One of those things that I still have an urge to totally ignore is my infertility. I’m trying to find the balance between obsessing day and night over the fact or ignoring it completely, letting it fall to the back of my mind. I like not being reminded of it at every moment. I really like hanging out with the wonderful neighbor kids without thinking, “why can’t I have sweet kids like this?” And I like feeling… normal (in my mind there exists this magical thing of ‘normal’ that I don’t quite understand, but it really seems exciting) most of the time.

And then I have moments where I think, “as soon as I get pregnant, I’m going to throw a huge party and I’m going to decorate it like this, and have this type of cake, and we’re going to announce it like this…” and my mind goes to a really exciting and hopeful place, if I’m doing the thinking right.
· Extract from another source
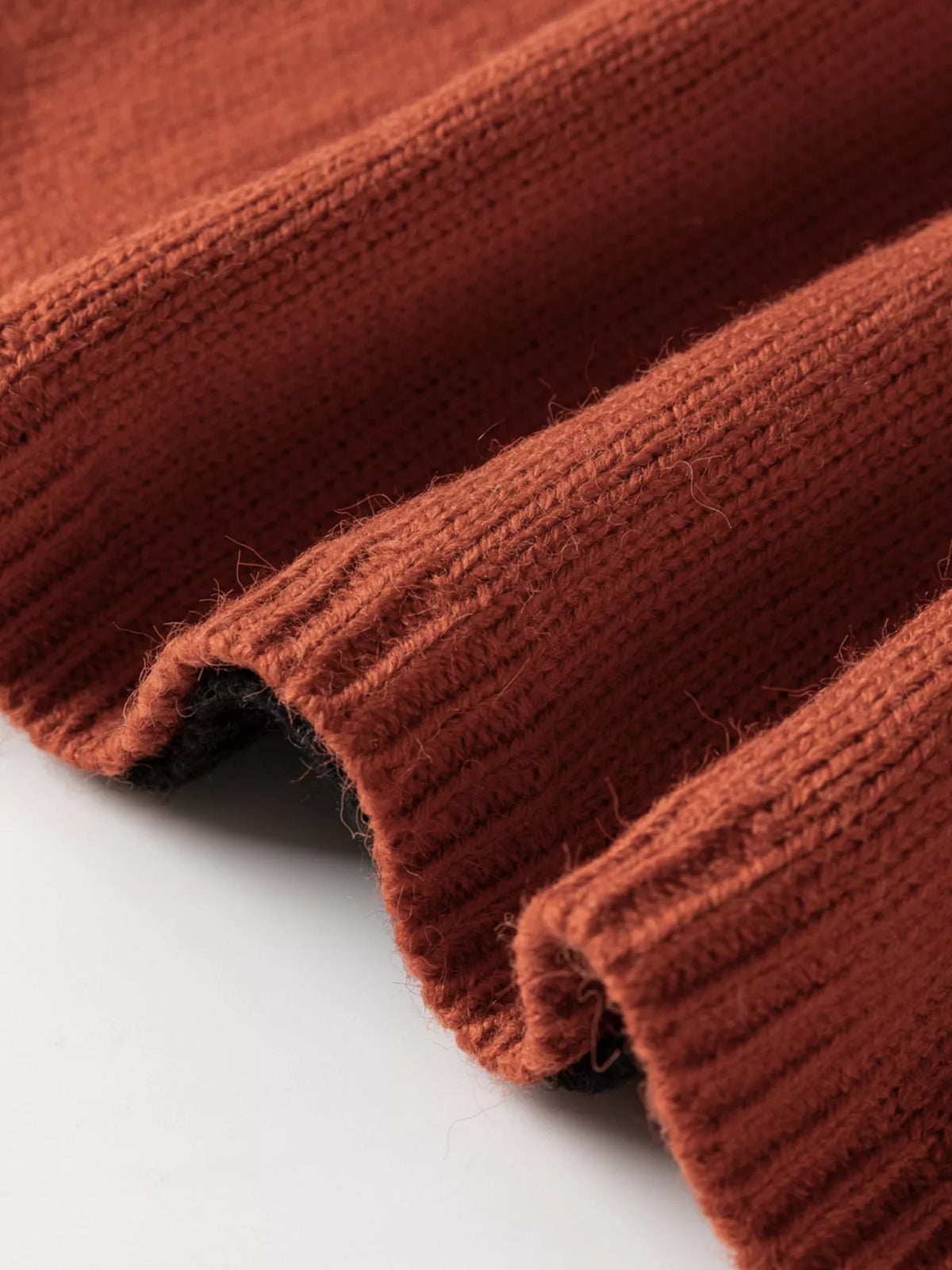 Caramel color block turtleneck drop shoulder sweater front view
If I’m not doing it right, I watch a movie about a woman who has a baby and I’m in a funk for three days because it just hasn’t happened yet and that makes me really sad. So what’s the difference? I’ve got no clue.

So, in the excited and hopeful stage I’m in right now, I am mentally planning the big announcement party that I throw when Dave and I find out we’re going to have a baby. This could be four years from now, but I’m still excited. And I really feel like that’s an ok place for me to be. I could be wrong, of course. I’ve been wrong about my own mental health many times before. That’s surprising isn’t it?!

I’m excited that I might someday be able to sit down with a friend and say, “hey guess what. I’m going to have a baby.” And I’m excited that someday I’ll be able to sit with a friend going through something as painful as infertility and say, “I know exactly how you feel. I’m here for you.” And I’m excited that I can someday sit with my child, whether natural birth or adoption take place, and say, “do you know what? I wanted you SO much. More that you will ever understand, and I waited and waited for you to get here because I already had a heart filled up with love for you before you were even born.”

And if that’s not the healthy kind of thinking, I’m not sure what is.